If it seems nontextual to rely on a vague phrase like "reasonable expectation of privacy" to identify what counts as a "search" of an "effect," it helps to recall a bit of Fourth Amendment history. As I detailed in The Curious History of Fourth Amendment Searches, courts before Katz really struggled to say what counted as a search. The early cases on the meaning of "searches" used an uncertain mix of privacy concepts and analogies to property without ever stating a particular test for what made something a search. Indeed, as far as I can tell, the first effort to articulate what makes something a search was Justice Harlan's effort to summarize "the rule that has emerged from prior decisions" in his Katz concurrence. This was the so-called "Katz test" that focuses on expectations of privacy.
But Justice Harlan's test was not designed to make vague notions of privacy the core of the Fourth Amendment, it seems to me. It is true that the test Justice Harlan articulated included the word "privacy." But I think Justice Harlan had something more specific in mind. The puzzle in Katz was which kinds of spaces could receive Fourth Amendment protection from searches. Homes, taxicabs, and rented hotel rooms could, the precedents indicated. Open fields could not. The specific question in Katz, as articulated by Justice Harlan at the beginning of his concurrence, was how to treat a phone call inside a public phone booth with glass walls and a door. Was that more like a rented hotel room (protectable) or an open field (not protectable)?
As I understand Harlan, the idea of what expectations "society is prepared to recognize as reasonable" was not some sort of free-floating notion but rather a more specific idea. Some places were treated like the home and others were not. How do you determine what is treated like the home? What's the line? It wasn't the common law of property, a standard that the Court had never embraced and indeed had long ago rather harshly dismissed. Rather, it was an idea that some places were broadly understood by people as home-like. And that was the case with a public phone booth in Katz. When a person entered the booth, shut the door, and paid for their call, the booth became understood as their booth for the duration of the call. It was therefore protectable under the Fourth Amendment.

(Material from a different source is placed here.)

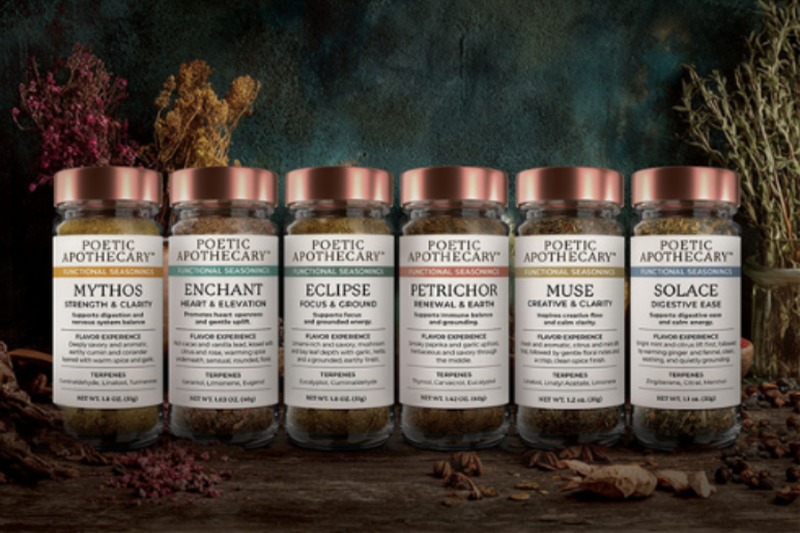 What if seasoning could change how food feels, not just tastes?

From this perspective, Justice Harlan's test could be readily articulated using the Fourth Amendment text. The reasonable expectation of privacy test is just asking if the government action is a search of the individual's "person, houses, papers, or effects." The idea of what "society is prepared to recognize" really goes to what is considered a person's "effects." A public phone booth was among the caller's "effects" during the call; it was a temporarily rented space that became theirs for that brief time window.
This view also explains why the move to a trespass-property view of "searches" in Jones doesn't make much (if any) difference to what the Fourth Amendment protects. It changes the black-letter law a lot. But as I discussed in Curious History, it's not clear what if any results it changes. The Katz framework is best understood as doing the same work that an explicitly textual approach does. It uses different words, yes. But properly understood, it seems to me, it's doing the same basic work.